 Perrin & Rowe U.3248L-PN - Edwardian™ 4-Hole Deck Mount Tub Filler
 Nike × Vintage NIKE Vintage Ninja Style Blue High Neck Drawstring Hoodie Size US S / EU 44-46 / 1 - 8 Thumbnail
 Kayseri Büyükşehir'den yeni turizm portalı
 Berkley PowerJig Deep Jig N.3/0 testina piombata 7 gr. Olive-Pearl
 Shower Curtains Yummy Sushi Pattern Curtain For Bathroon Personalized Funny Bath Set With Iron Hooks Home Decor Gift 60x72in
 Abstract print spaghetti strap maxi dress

...

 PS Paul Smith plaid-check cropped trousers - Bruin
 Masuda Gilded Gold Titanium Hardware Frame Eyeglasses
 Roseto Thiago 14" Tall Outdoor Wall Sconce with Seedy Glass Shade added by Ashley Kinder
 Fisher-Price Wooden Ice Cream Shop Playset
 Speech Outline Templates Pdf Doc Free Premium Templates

==

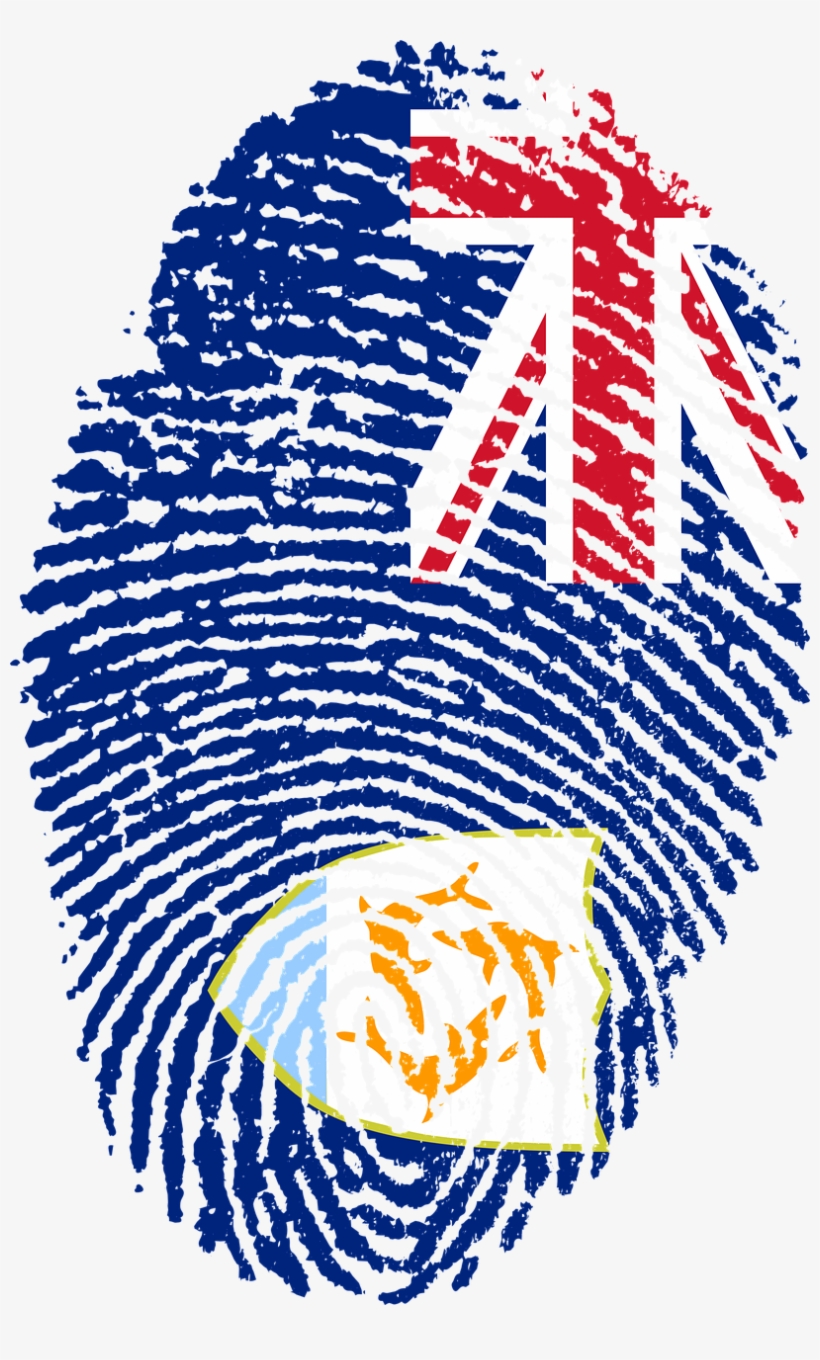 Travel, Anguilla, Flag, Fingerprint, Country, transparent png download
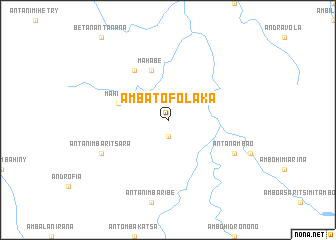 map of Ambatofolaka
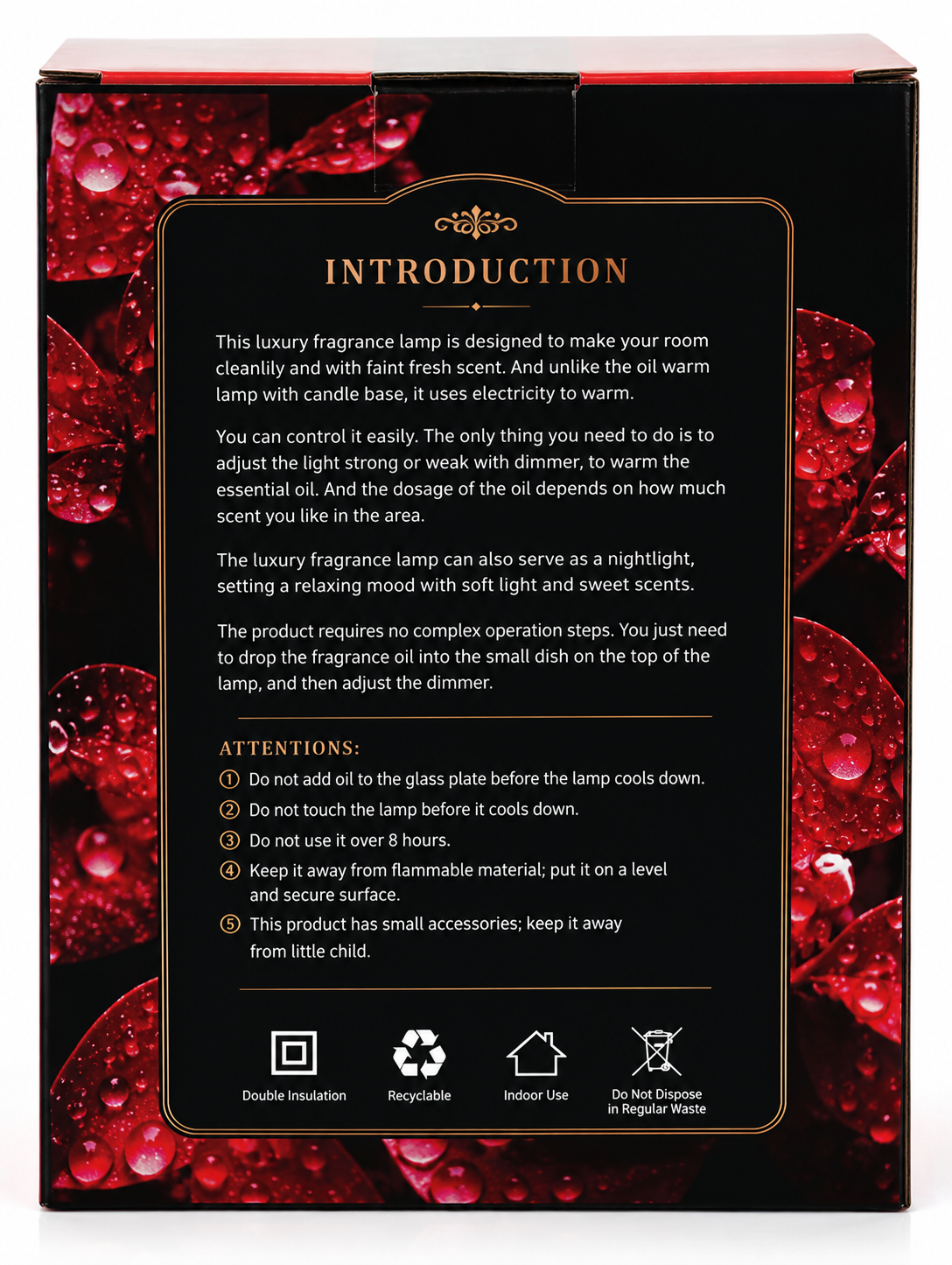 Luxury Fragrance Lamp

▶ EXERCISE DESCRIPTION
Only one stretch of the entries above is wanted: the lines from the one containing "Perrin & Rowe" through the one containing "Abstract print spaghetti strap maxi dress". Please reproduce it exactly.

▶ FINISHED EXERCISE
 Perrin & Rowe U.3248L-PN - Edwardian™ 4-Hole Deck Mount Tub Filler
 Nike × Vintage NIKE Vintage Ninja Style Blue High Neck Drawstring Hoodie Size US S / EU 44-46 / 1 - 8 Thumbnail
 Kayseri Büyükşehir'den yeni turizm portalı
 Berkley PowerJig Deep Jig N.3/0 testina piombata 7 gr. Olive-Pearl
 Shower Curtains Yummy Sushi Pattern Curtain For Bathroon Personalized Funny Bath Set With Iron Hooks Home Decor Gift 60x72in
 Abstract print spaghetti strap maxi dress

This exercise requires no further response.